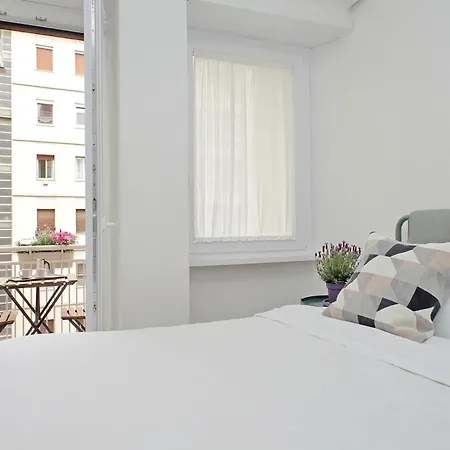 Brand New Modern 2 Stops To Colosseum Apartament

———

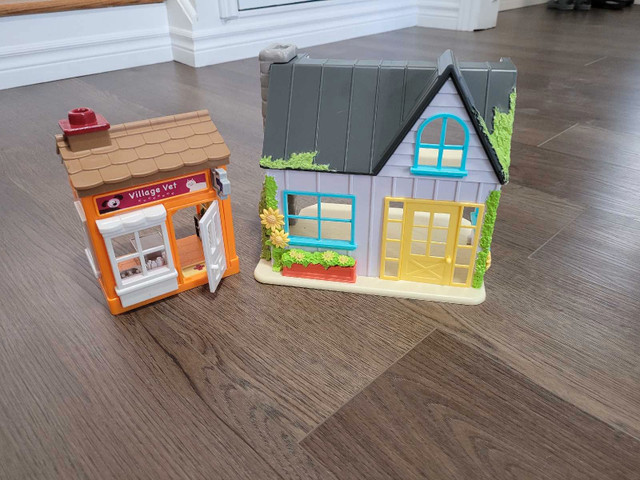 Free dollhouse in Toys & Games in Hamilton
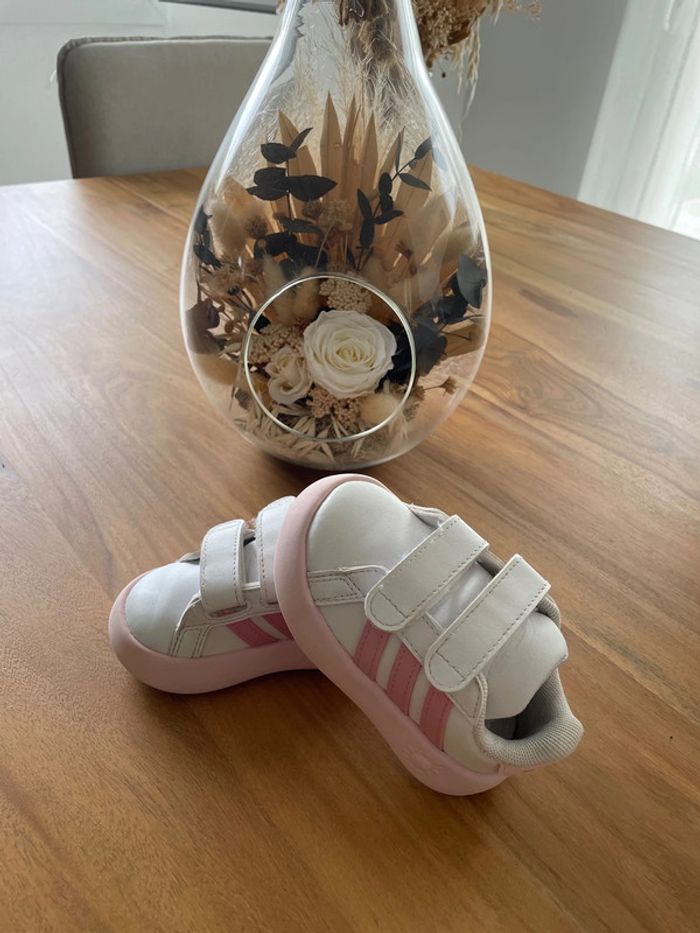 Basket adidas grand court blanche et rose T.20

———

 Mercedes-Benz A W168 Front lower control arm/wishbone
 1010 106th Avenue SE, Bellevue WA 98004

———

Task brief:
Which lines run from the one holding "Mercedes-Benz A W168" through the one holding "1010 106th Avenue SE, Bellevue WA 98004" in the records above? Repeat them exactly, both included, and nothing more.

Problem solution:
 Mercedes-Benz A W168 Front lower control arm/wishbone
 1010 106th Avenue SE, Bellevue WA 98004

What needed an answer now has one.